Y en las décadas siguientes materializó en su discurso lo que había elaborado en 1993 Samuel Francis en su libro Beautiful Losers: que había una América de la mitad, excluida de las políticas públicas, desplazada por la globalización, minimizada, desatendida y blanca, conteniendo la rabia de ver a los políticos favoreciendo a las élites ricas y sosteniendo con subsidios a los pobres (nativos e inmigrantes), que bien podrían trabajar.

Trump no solo se conectó con estos votantes, sino que logró que la narrativa radical se incorporara al oficialismo Republicano. Una narrativa de supremacías y polos: mayorías sobre minorías, nativos sobre inmigrantes, nacionalismo y localismo contra globalización.

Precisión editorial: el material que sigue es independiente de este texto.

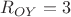 $R_{OY}=3$ $R_{OY}=3$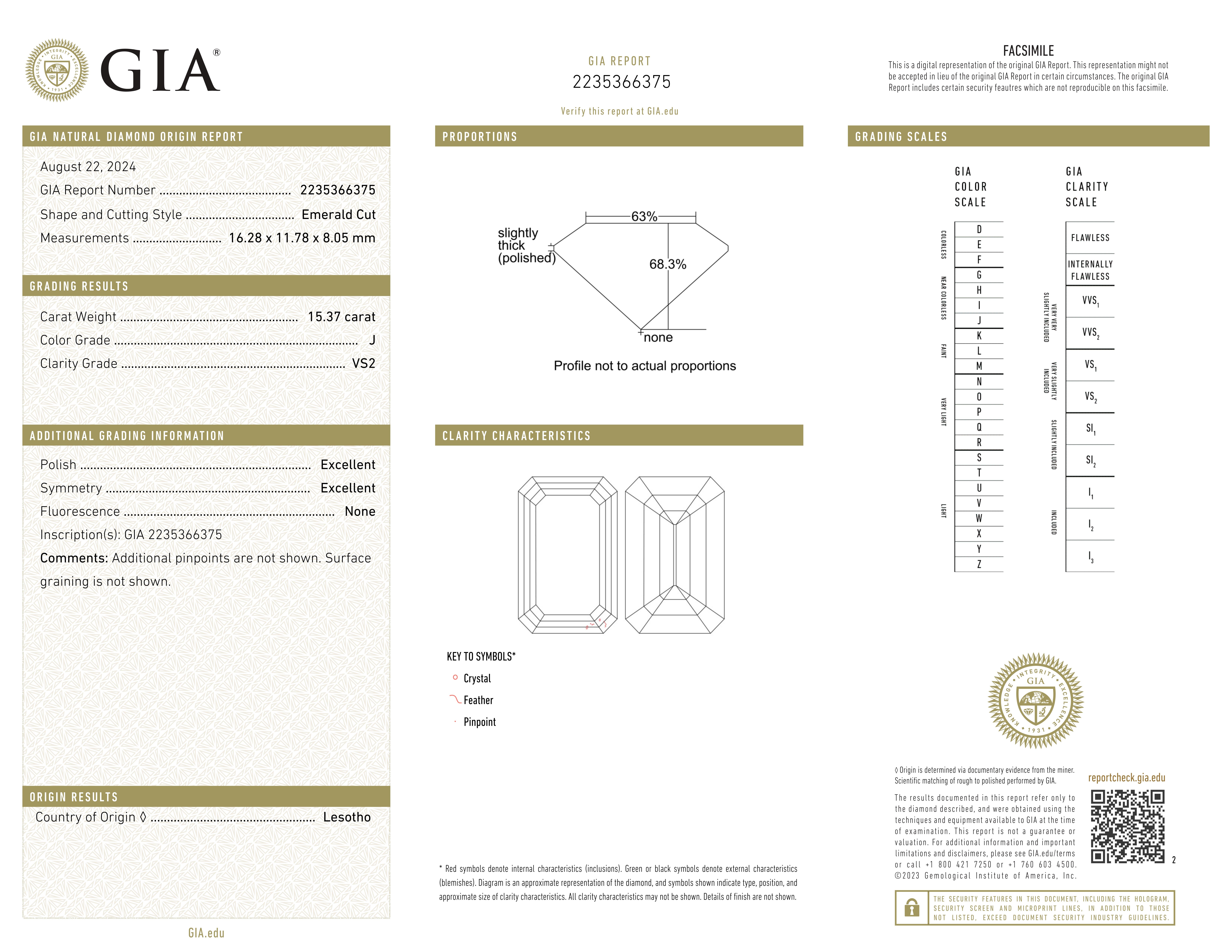 GIA Certified 15.37 Carat GIA Certified Emerald Cut Diamond Ring en Nuevo estado para la venta en Chicago, IL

Va a ganar porque las circunstancias no han cambiado. Por más que los números de la gestión de Biden sean buenos, no existe ni en Estados Unidos ni en el mundo un discurso alternativo que le haga contrapeso al simplismo de la derecha radical. El partido demócrata y el resto de corrientes más liberales se acostumbraron a fracasar, a navegar en canoa por las tempestade de las crisis y a tener nada que decirles a estos electores. Dice el profesor argentino Ezequiel Ipar, que nos encontramos en los niveles de desigualdad que tenía el mundo a finales del siglo XIX, y no hay respuestas políticas desde la filosofía liberal que logren abordar el problema con eficacia.

Y va a ganar por la fuerza de su personaje, un showman televisivo, que se comunica desde la autoridad. Más bien, desde la superioridad. Así lo hizo con Hillary Clinton en 2016 y en esta campaña Biden le entregó el plato servido: El mundo vio a un fuerte contra un débil, a pesar de las mentiras rampantes del primero contra los datos verificables del segundo.

En un libro que se llama Cómo hablar con ignorantes el alemán Peter Modler dice que hay tres niveles de comunicación: la charla compleja (high talk), donde los interlocutores permanecen en la dimensión de los argumentos, y establecen una relación de igualdad; la charla simple (basis talk), que se caracteriza por frases cortas y afirmaciones repetitivas. Su objetivo no es ganar la discusión, ni establecer argumentos, sino expresar jerarquía. Y la charla corporal (move talk), que refuerza el fin de la anterior, mediante el lenguaje corporal.

Trump jamás usa el high talk, entonces los demócratas no pueden ganarle. Y  desperdiciaron cuatro años para comunicarse con los que mejor le entienden.